Saved data entries:
- - -
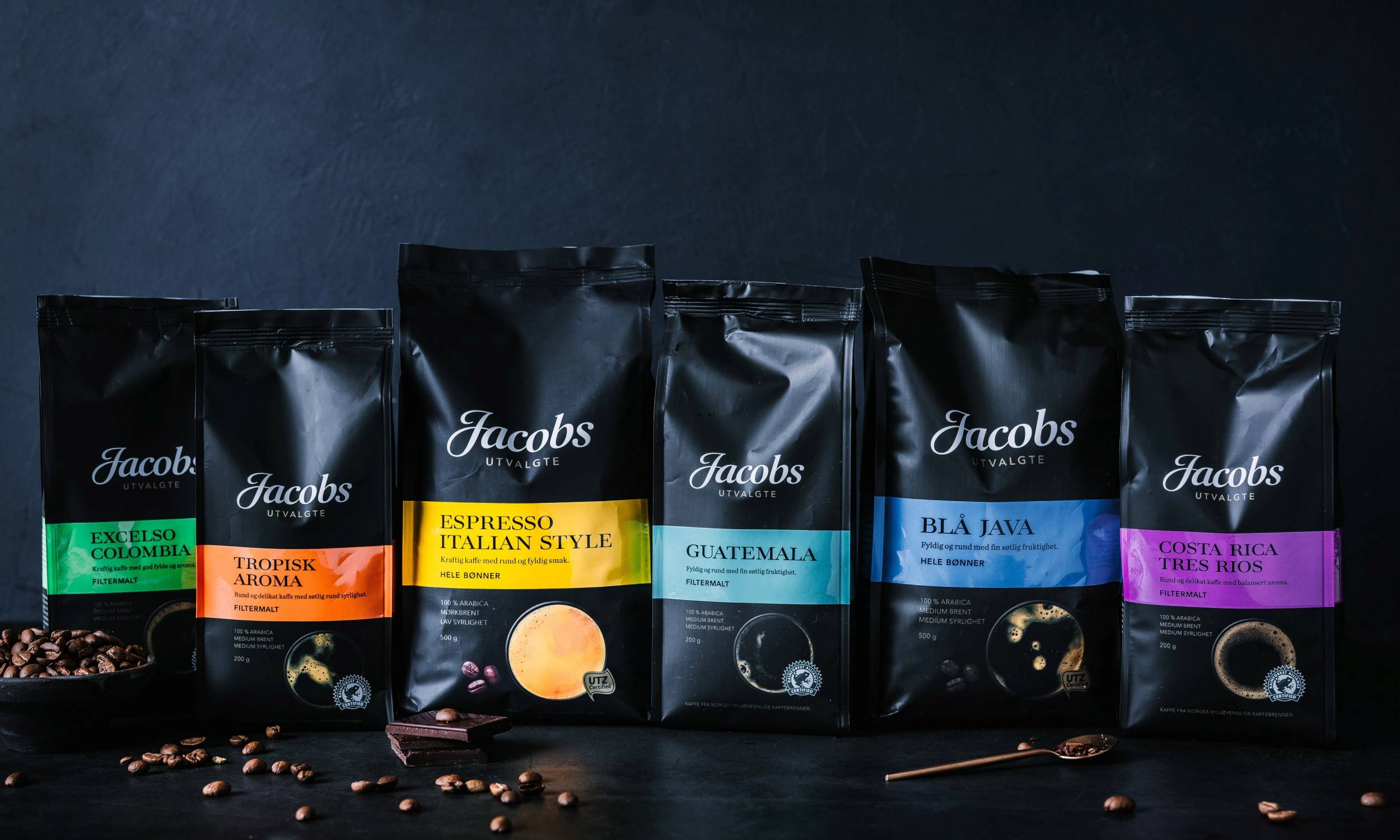 Ulike typer kaffe i svarte poser med fargerike etiketter, plassert på en mørk bakgrunn med noen kaffebønner rundt.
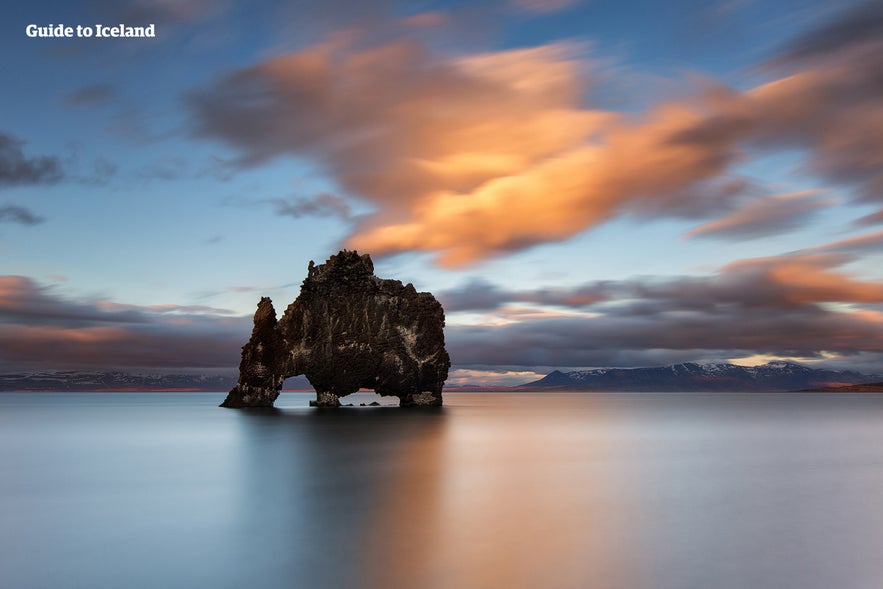 Hvitserkur rock formation off the coast of northwest Iceland at sunset, with calm waters and dramatic clouds above.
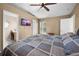 Bedroom showcasing a TV, fan, vaulted ceiling, window, and door at 3485 Dothan Ave, Spring Hill, FL 34609
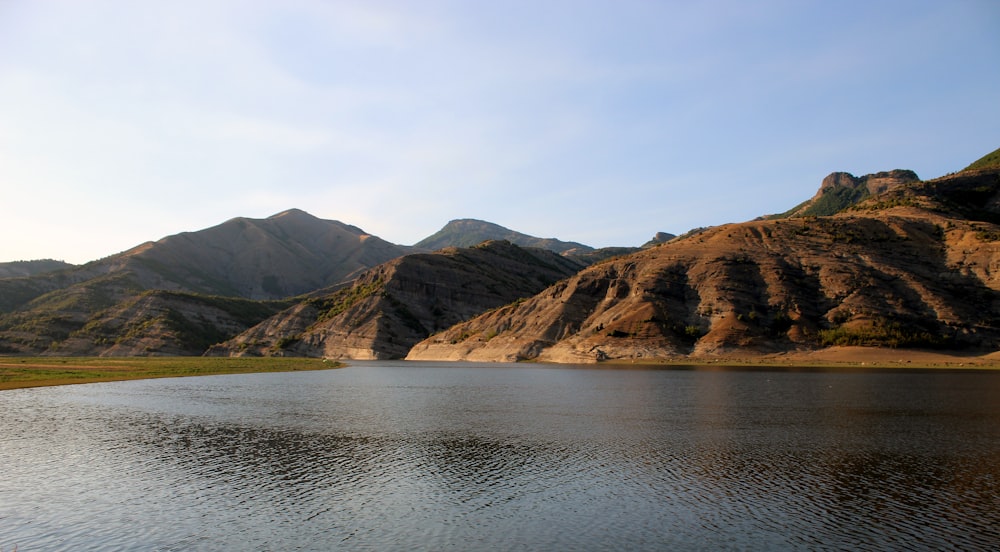 a large body of water surrounded by mountains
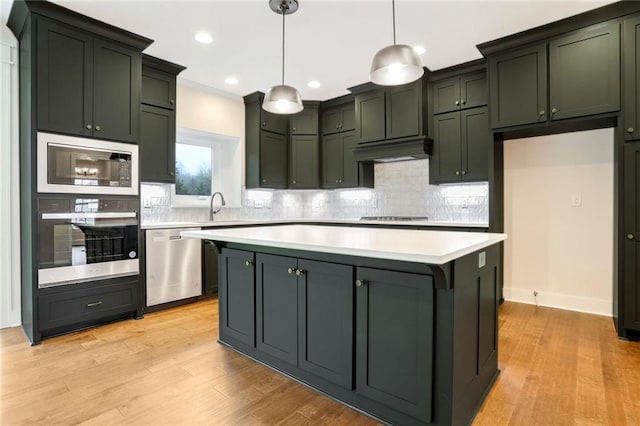 kitchen featuring a center island, hanging light fixtures, light hardwood / wood-style flooring, appliances with stainless steel finishes, and tasteful backsplash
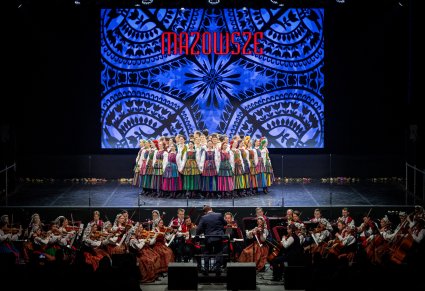 Artyści zespołu Mazowsze w kostiumach opoczyńskich tworzy na scenie koło a przed nimi gra orkiestra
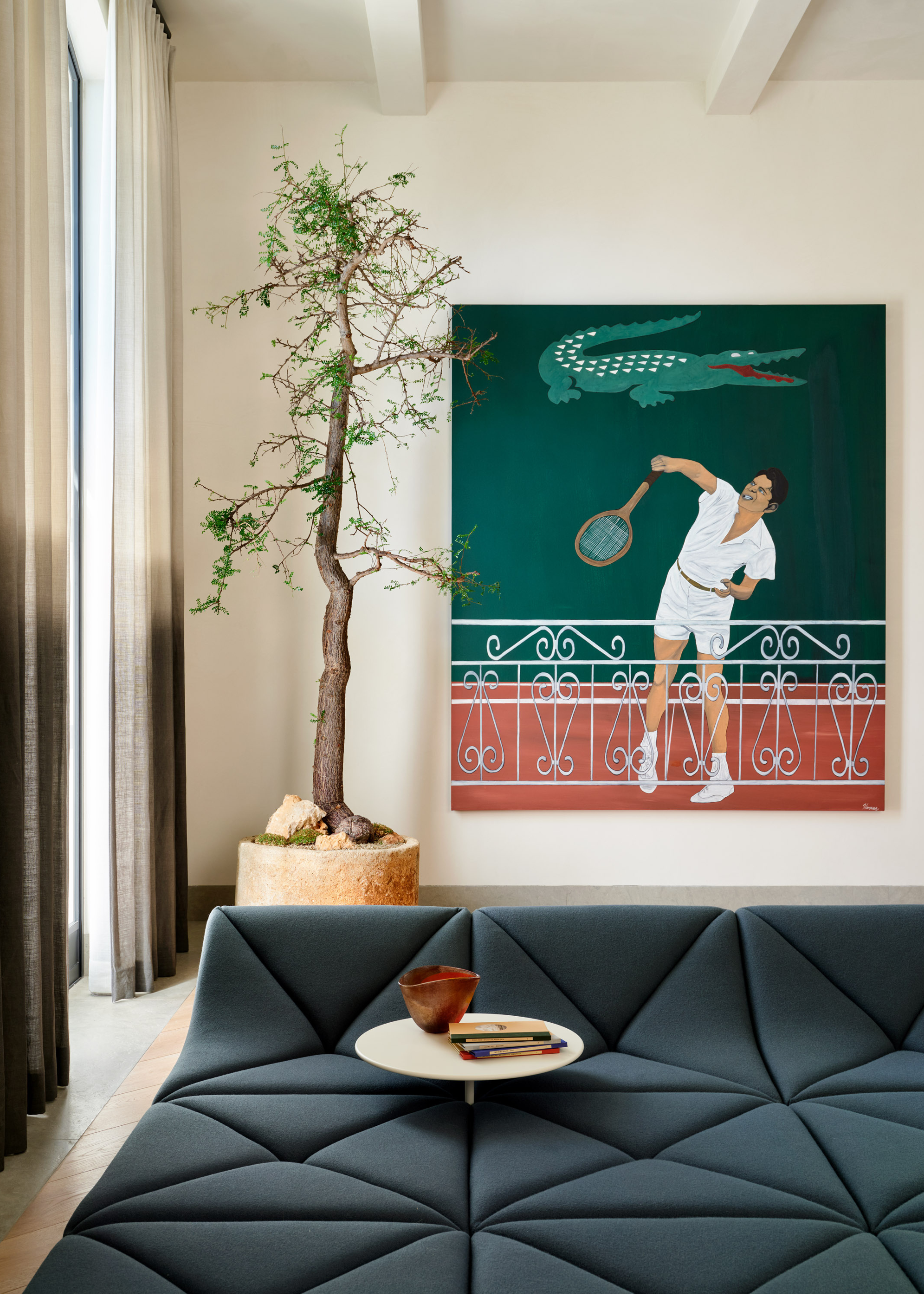 A white living room with a tennis-themed Lacoste painting beside a potted indoor tree and a floor sofa with a floating side table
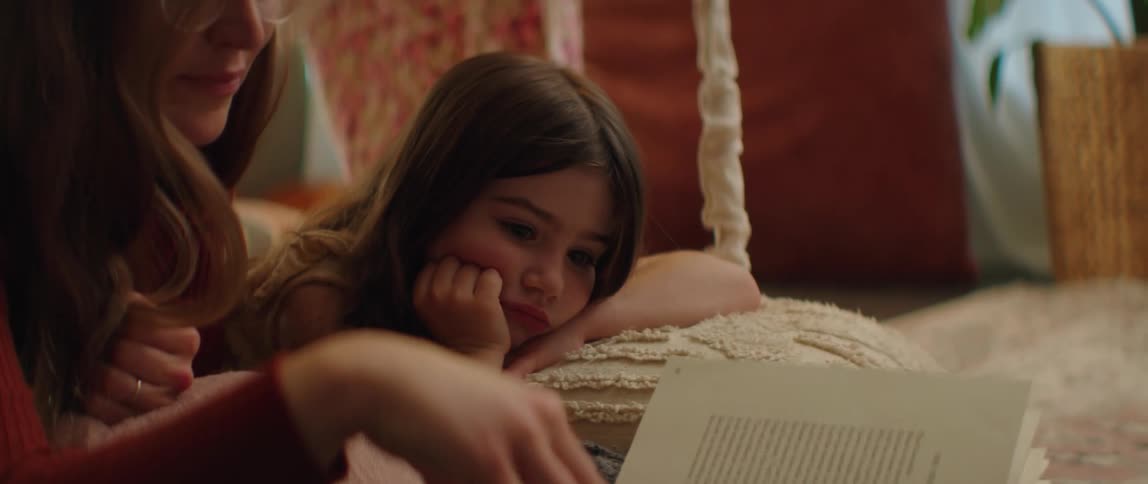 A woman reads to her daughter while camping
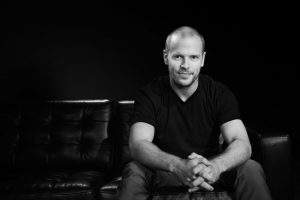 Tim Ferriss sitting on a tufted leather couch.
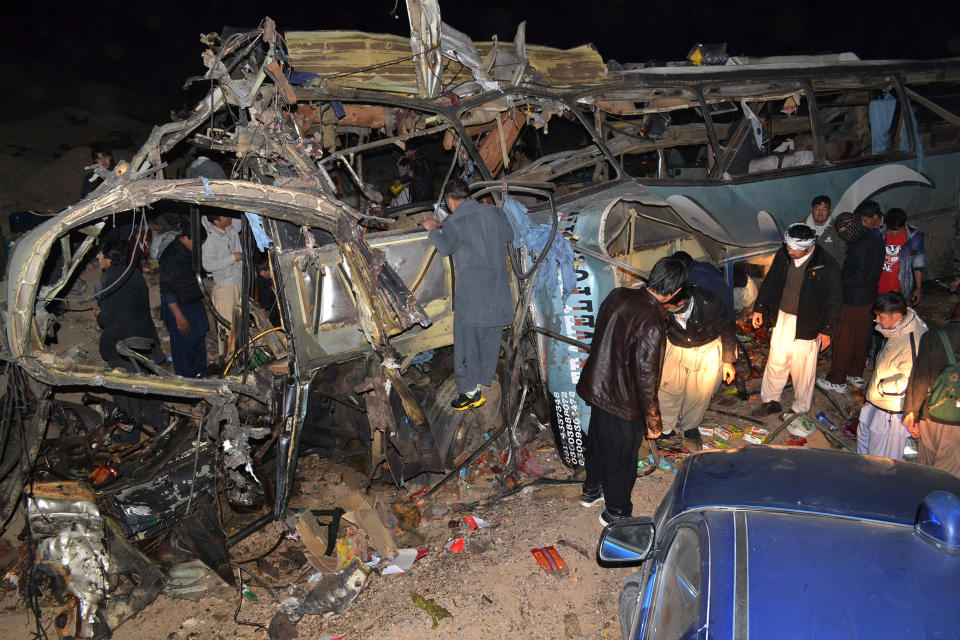 People look at the wreckage of a passenger bus destroyed in a bomb blast in the Mastong district, near Quetta, Pakistan, Tuesday, Jan. 21, 2014. A roadside car bomb hit a bus of Shiite pilgrims returning from Iran, killing several people and wounding many, in restive Baluchistan province, said a top security official. (AP Photo/Arshad Butt)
- - -
## [WORK TO COMPLETE]
A word-for-word repeat of the lines from the line with "a large body" to the last line of the data, both ends included and pictures left out, is all that should appear.

## [ANSWER FOR THE TASK]
 a large body of water surrounded by mountains
 kitchen featuring a center island, hanging light fixtures, light hardwood / wood-style flooring, appliances with stainless steel finishes, and tasteful backsplash
 Artyści zespołu Mazowsze w kostiumach opoczyńskich tworzy na scenie koło a przed nimi gra orkiestra
 A white living room with a tennis-themed Lacoste painting beside a potted indoor tree and a floor sofa with a floating side table
 A woman reads to her daughter while camping
 Tim Ferriss sitting on a tufted leather couch.
 People look at the wreckage of a passenger bus destroyed in a bomb blast in the Mastong district, near Quetta, Pakistan, Tuesday, Jan. 21, 2014. A roadside car bomb hit a bus of Shiite pilgrims returning from Iran, killing several people and wounding many, in restive Baluchistan province, said a top security official. (AP Photo/Arshad Butt)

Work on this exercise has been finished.